1. The people from Jersey City have a special glint in their eyes. This is how they recognize each other in Manhattan. If you cross them, they will get the governor of NJ to conduct a “traffic study” in your living room.

 

2. If you can catch a pigeon, it has to give you five wishes.

I caught a pigeon, but it only gave me one wish. I am now the proud owner of an ice cream sandwich. It sits in prominent position on my shelf.

 

3. If you find a telephone pole and climb it, and you put your ear close to the wire, you can listen to phone conversations. But you have to do this when the linemen are not prowling. They defend their territory fiercely. They can whistle to the pole and it will shake you off and you will fall into a bag and the linemen will take you and throw you in the big dump where all the dead telephone poles go.

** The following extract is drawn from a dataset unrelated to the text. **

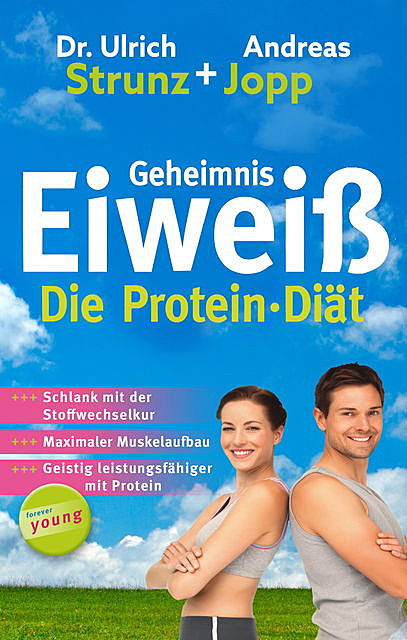 Geheimnis Eiweiß – Die Protein Diät, Andreas Jopp, Ulrich Strunz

Also you have to find one. Most phone lines in NYC are underground. Try an outer-edge street in Queens or the Bronx.

 

4. Occasionally, a luxury liner comes into port without tooting the horn or informing anyone of its presence in any way. The staff members of these liners are gagged, and the passengers all look pale and exhausted. Nobody has ever seen the captains of these vessels.

 

5. The Unpaid Interns of the big banks used to be chained up in the basements at night, with threats against their lives if they blabbed. But the banks eventually realized it was less expensive to bind people with promises and dreams. Now the unpaid interns work hard and well because they want to. Look closely at their skin, and you might notice that it is turning gray. The ones who become fully gray get positions in the mailroom and never get promoted.

 

6. It's easy to forget that NY is a coastal city. Old Neptune wants you to forget. He has big plans. he needs you to look the other way. Have you noticed that your couch is a little...damp? It wasn't me, i swear.

 

7. If you go to the 7th floor of Port Authority, you can find the offices of Portal Authority. For the price of One Grenovian Dollar, they can open any door in the city for you, for the space of half an hour. But you have to ask really nicely. And be warned: each time you ask, the price goes up.

 

8. Don't go into the basements of the Whitney Museum. The deeper you go, the more abstract you will become.

 

9. In the Winter, watch out for areas of green sidewalk salt. The workers put down white or blue salt, but it turns green. These areas mark the places where it is possible to reach Right New York. All you have to do is stand in them and despair. There are plenty of people who accidentally get stuck in Right New York because they were feeling gloomy at just the wrong time.

 

10. Between the Henry Hudson parkway and the residential streets, there are parks that have high brick walls to prevent erosion. In these walls are high arched tunnels. Be careful – if you go to far into them you could wind up anywhere. It’s a cheap way to get out of the city, but it’s a gamble.